Caption-style text data
- Opening Delimiter -
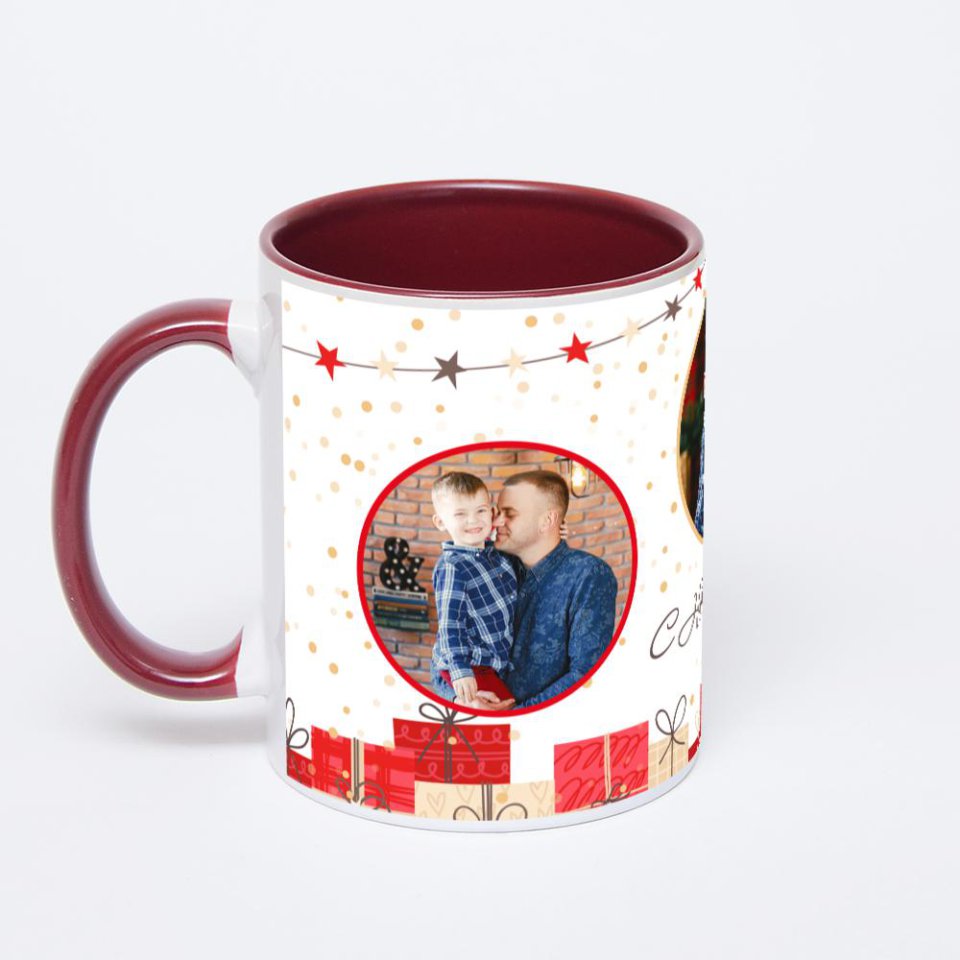 Бордовая кружка с фотопечатью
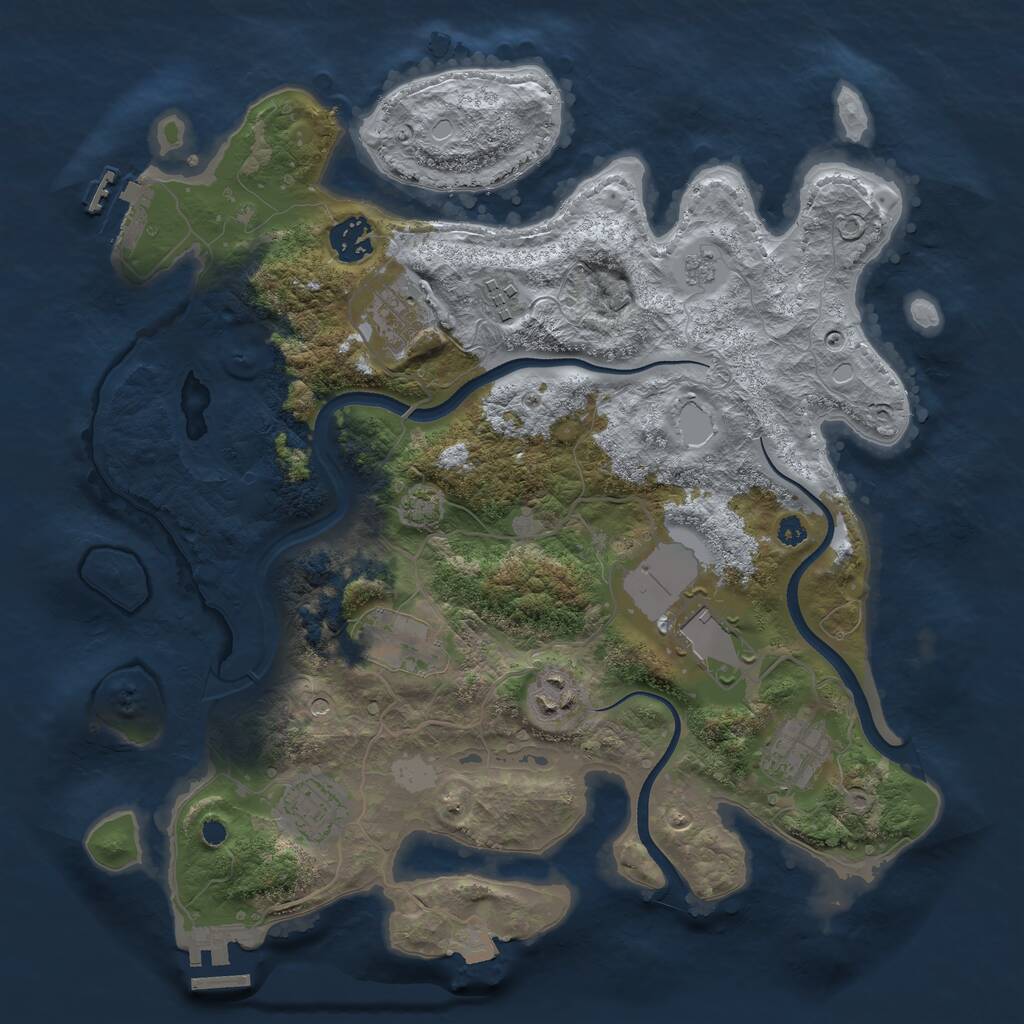 Rust Map: Procedural Map, Size: 3500, Seed: 2050548534, 14 Monuments
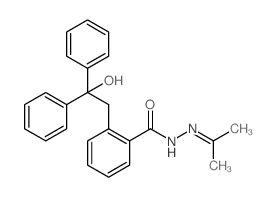 Benzoic acid,2-(2-hydroxy-2,2-diphenylethyl)-, 2-(1-methylethylidene)hydrazide Structure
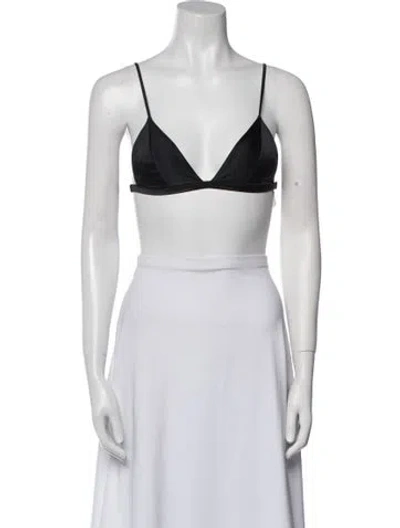 Pre-owned Fleur Du Mal Silk V-neck Crop Top In Black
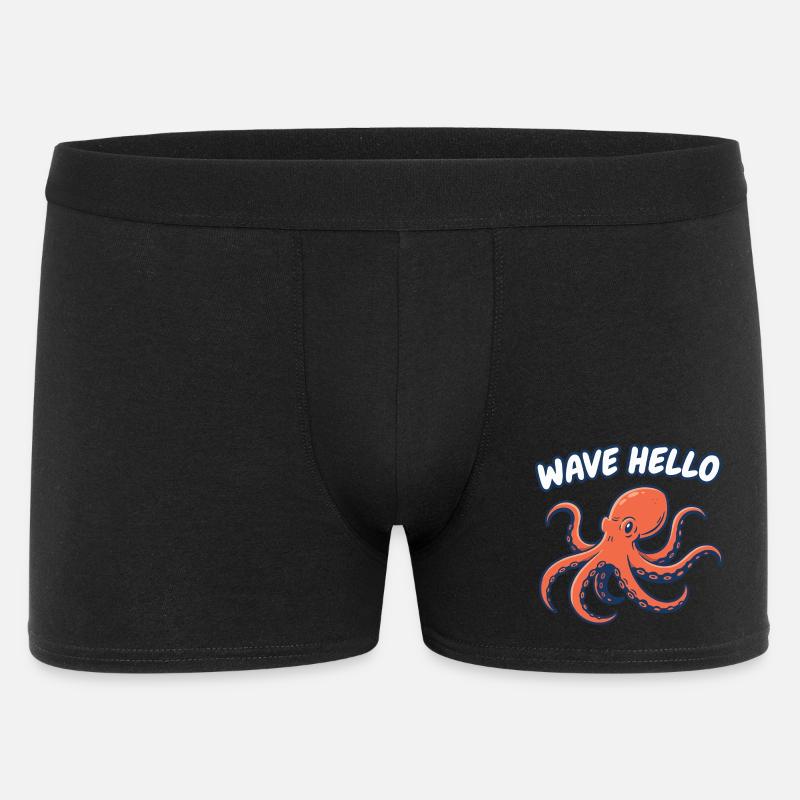 Wave Hello Squid - Men's Boxer Shorts - black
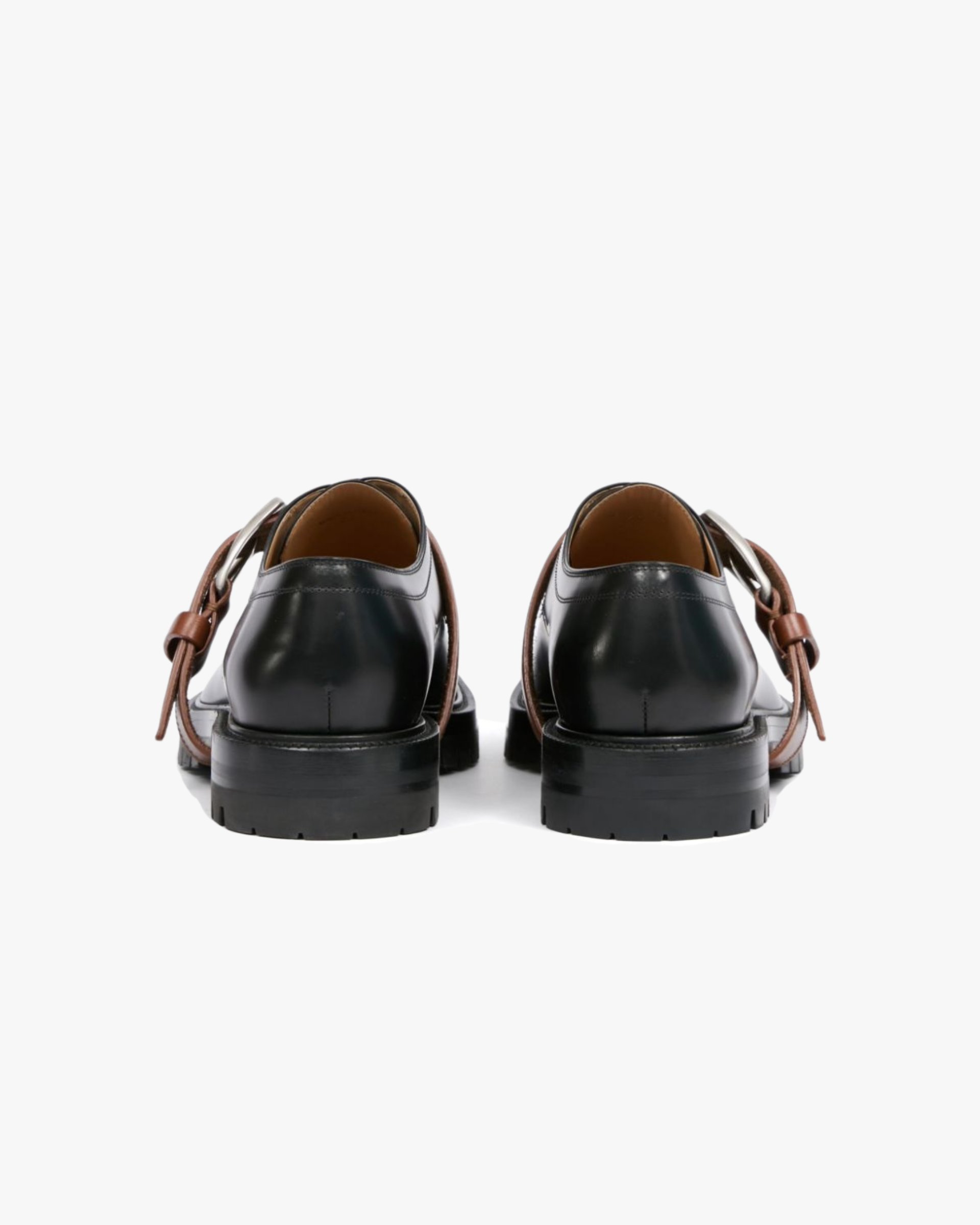 Bold Derby Shoes with Leather Strap Accent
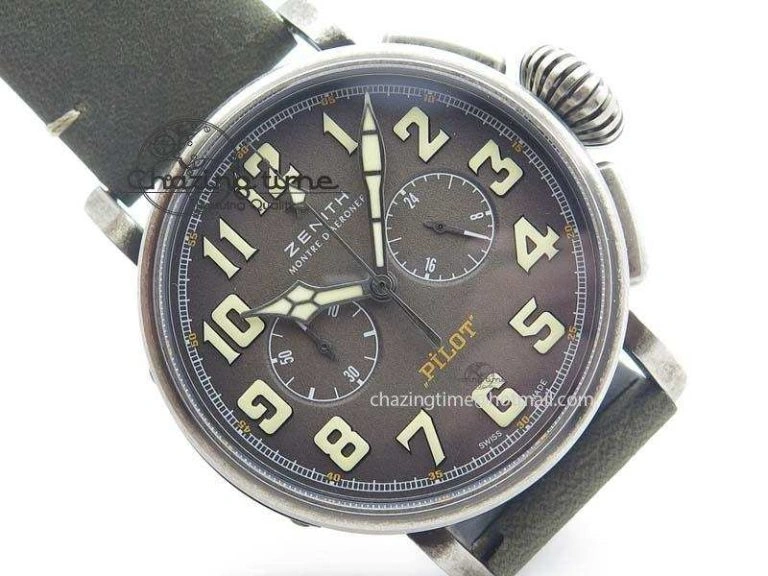Heritage Pilot Ton-Up Aged SS Case Gray Dial On Green Leather Strap Jap Quartz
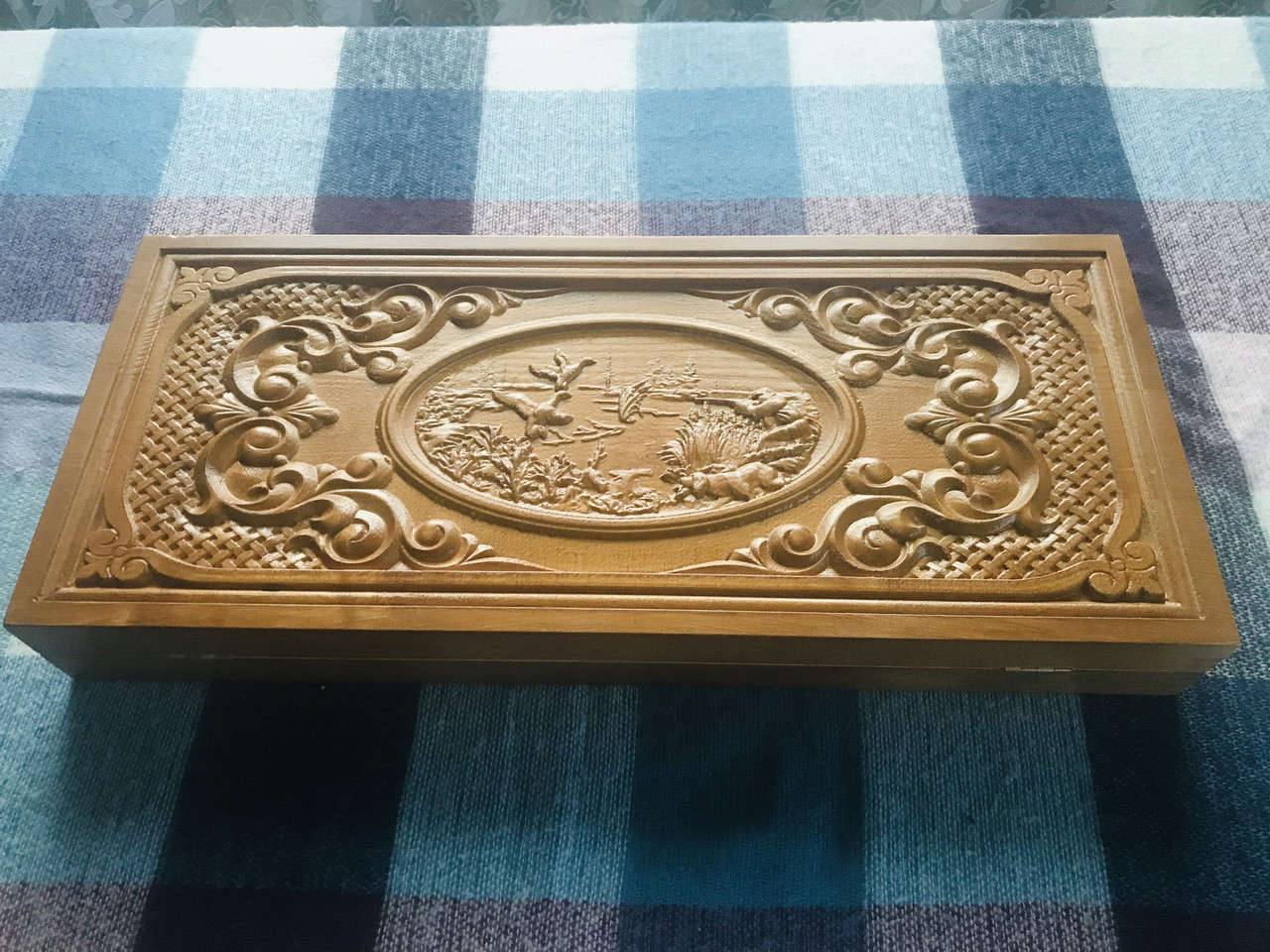 Нарди ручної роботи 54 см на 24 см Полювання, фото 1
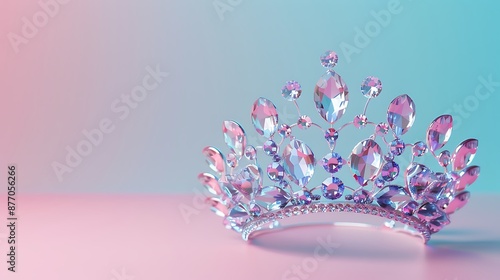 Tiara isolated on pink and blue background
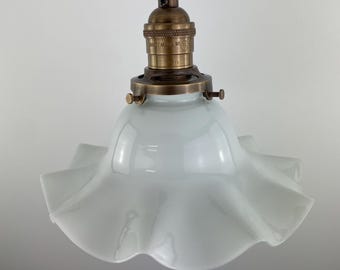 Rare Find Antique 1920&#39;s Ruffled Petticoat Milk Glass Pendant Light with 8 &quot; Shade | with New Antique Brass Hardware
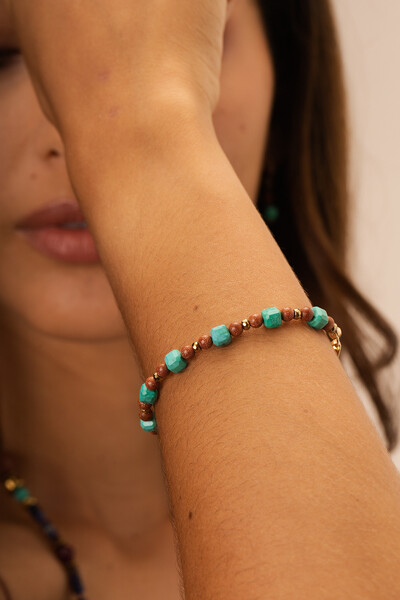 Foto Pulseira Vicenza Goldstone Howlita Banho Ouro 18K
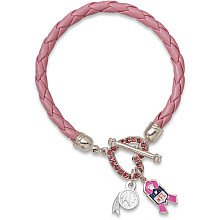 LogoArt Washington Redskins Breast Cancer Awareness Pink Rope Bracelet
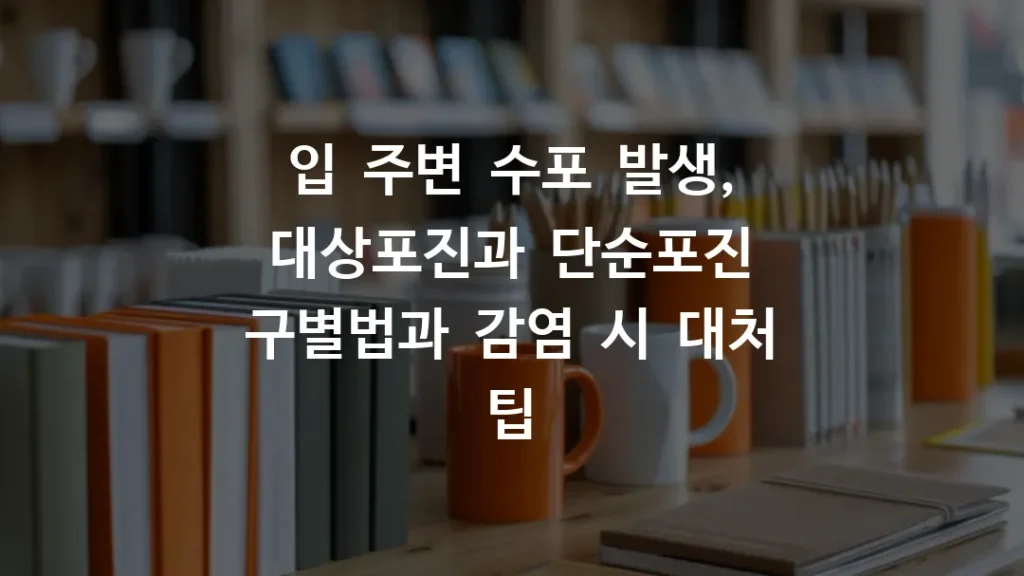 입 주변 수포 발생, 대상포진과 단순포진 구별법과 감염 시 대처 팁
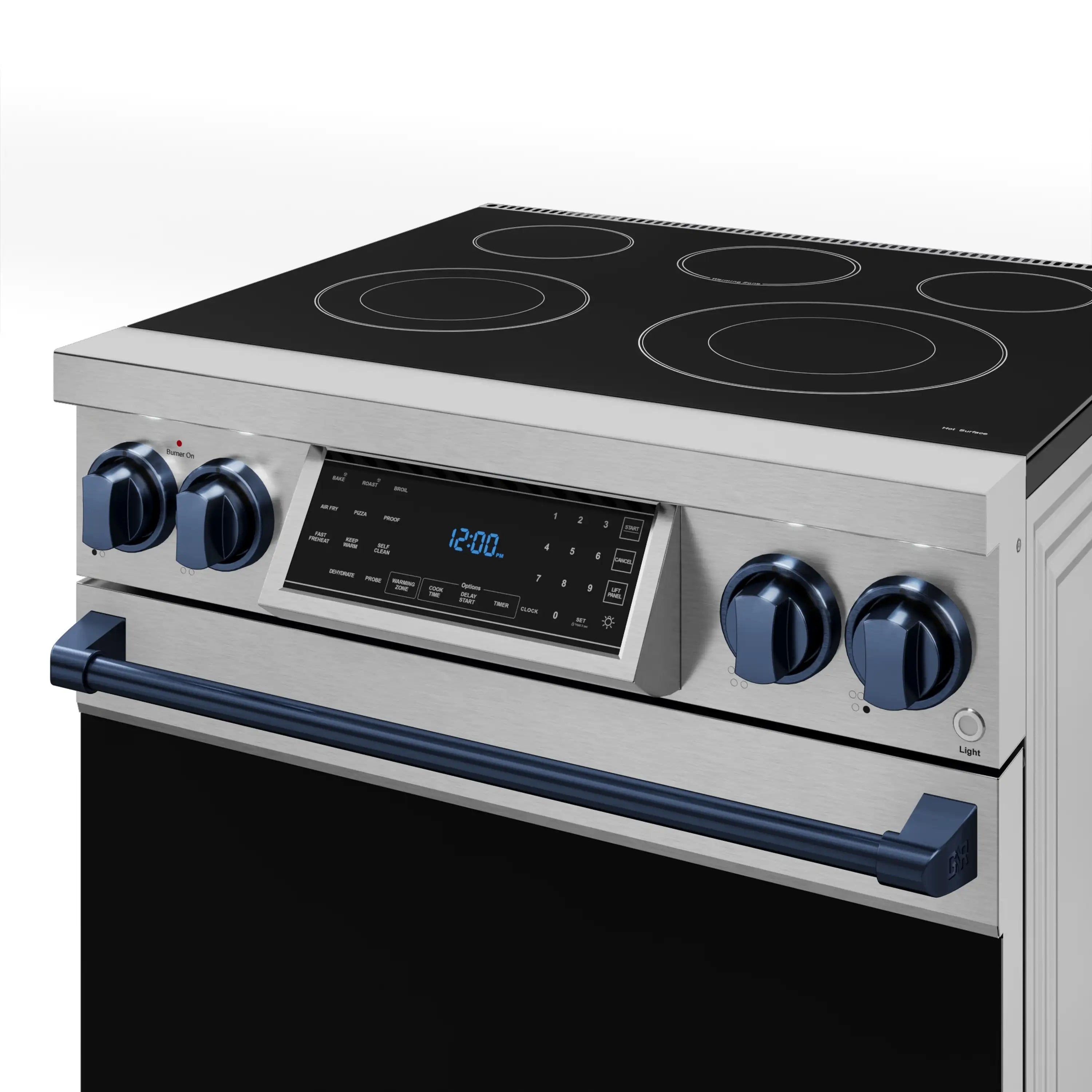 Stainless electric range with black cooktop, navy-blue trim strip, and digital display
- Closing Delimiter -
§ What you will do
Once you find the line with "입 주변 수포 발생, 대상포진과 단순포진 구별법과 감염 시 대처 팁", restate it and every later line of the data word for word, excluding the pictures.

§ Result of the exercise
 입 주변 수포 발생, 대상포진과 단순포진 구별법과 감염 시 대처 팁
 Stainless electric range with black cooktop, navy-blue trim strip, and digital display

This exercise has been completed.